Кто тебя завлек в эту гибель!! <Зачеркнуто: "В этот сумасбродный заговор! кто тебя погубил!!" - Ред.> Ты был хотя моложе, но основательнее прочих. Не тебе бы к ним примешаться, а им у тебя ума и доброты сердца позаимствовать! Судьба иначе определила, довольно об этом.
Слышу, что снисхождением высшего начальства тебе и товарищам твоим дозволится читать книги. Сейчас еду покупать тебе всякой всячины, реэстр приложу возле» (Начало июня 1828. Черновик).
В начале июня все работы по устройству «персидской миссии» были закончены, и министерство стало торопить Грибоедова с отъездом: именем государя ему было объявлено, чтобы «скорее ехал». 5-го июня в канцелярию Санкт-Петербургского военного генерал-губернатора поступило отношение Азиатского департамента № 1073 с просьбой «доставить подорожную на семь лошадей для отправляющегося из С.-Петербурга в Тифлис полномочного в Персии министра Грибоедова».

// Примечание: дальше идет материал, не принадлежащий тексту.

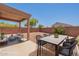 Backyard features an ample patio, outdoor seating, and a low-maintenance xeriscaped yard at 23929 W Twilight Trl, Buckeye, AZ 85326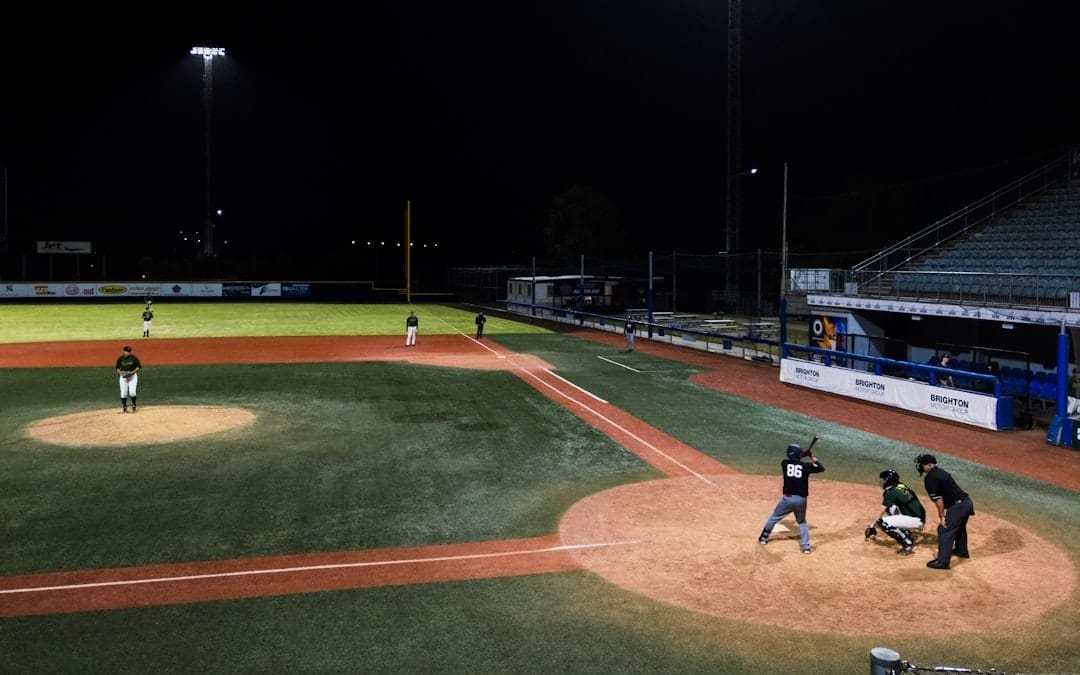 A traditional baseball night game unfolds under the lights, with a batter, catcher, and umpire at home plate. Players are perfectly positioned on the field as the classic sport comes alive under the night sky.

С большим нежеланием Грибоедов покидал Петербург. «Несмотря на блестящие ожидания впереди, - писал Полевой, - он неохотно, даже с грустью оставлял Россию, и однажды, когда я говорил ему о любопытном его будущем положении в Персии, он сказал: "Я уж столько знаю персиян, что для меня они потеряли свою поэтическую сторону. Вижу только важность и трудность своего положения среди них, и главное, не знаю сам отчего, мне удивительно грустно ехать туда! Не желал бы я увидеть этих старых своих знакомых"» (Полевой К.А. О жизни и сочинениях А.С. Грибоедова).

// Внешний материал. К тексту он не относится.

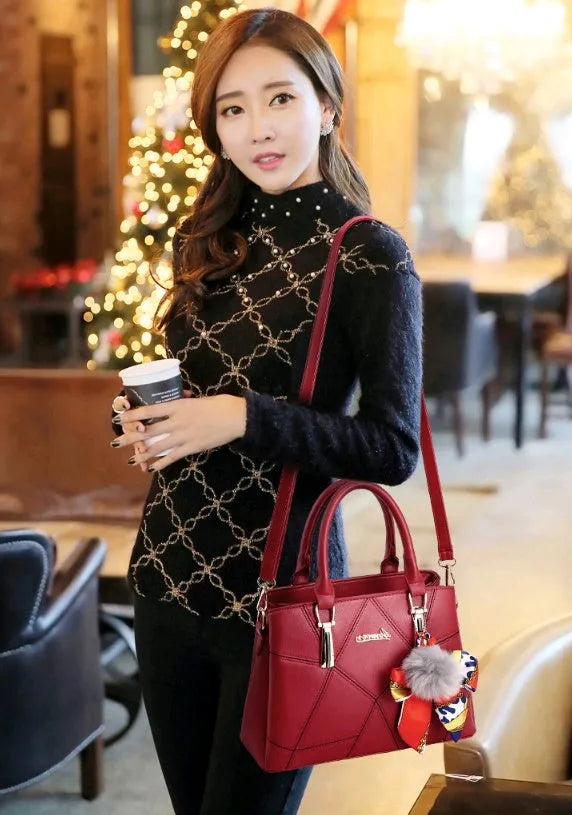 Women's cross section square PU messenger bag with embroidery in royal blue colour showing soft handle and single shoulder strap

В письме к Елене Булгариной, жены его друга Фаддея Булгарина, он писал:
«Прощайте, любезная Леночка, верный друг, целую Вас от всего сердца, и Танту тоже. Прощайте! Прощаюсь на три года, на десять лет, может быть, навсегда. Боже мой! Неужто должен я буду всю мою жизнь провести там, в стране, столь чуждой моим чувствам, мыслям моим... Ничего... Может быть, я еще когда-нибудь сбегу в Карлово от всего, что мне сейчас так противно. Но когда? Еще далеко до того. Покуда обнимаю Вас, добрый друг мой, будьте счастливы.
Ваш верный друг
А. Грибоедов»
(5 июня 1818 г. Перевод).
6 – го июня Грибоедов выехал из Петербурга к месту своей службы. До Царского Села его провожали А. А. Жандр и А. В. Всеволожский. «Грустно провожали мы Грибоедова, - рассказывал А.А. Жандр. – До Царского Села провожали только двое: А.В. Всеволожский и я. Вот в каком мы были тогда настроении духа: у меня был прощальный завтрак; накурили, надымили страшно, наконец толпа схлынула, мы остались одни. День был пасмурный и дождливый. Мы проехали до Царского Села и ни один из нас не сказал ни слова. В Царском Селе Грибоедов велел, так как дело было уже к вечеру, подать бутылку бургонского, которое он очень любил, бутылку шампанского и закусить. Никто ни до чего не дотронулся. Наконец простились. Грибоедов сел в коляску; мы видели, как она повернула за угол улицы, возвратились с Всеволожским в Петербург и во всю дорогу не сказали друг с другом ни одного слова, - решительно ни одного! » (А. М. Скабичевский. Александр Грибоедов. Его жизнь и литературная деятельность. Биографический очерк).
Из Царского Села Грибоедов пишет Ф.В. Булгарину:
«Любезный друг Benedicti filius, узнай, пожалуйста, у Малиновского, или у Никиты Всеволожского, или Сапожкова, или у кого хочешь имя, отчество и чин Семашки и напиши ко мне тотчас с следующею экстрою. Прощай. Люби меня и L;nchen поцелуй.
Верный твой друг А. Грибоедов.
Царское Село. 6 июня 1828.
Пословицы Строева пришли, сделай милость».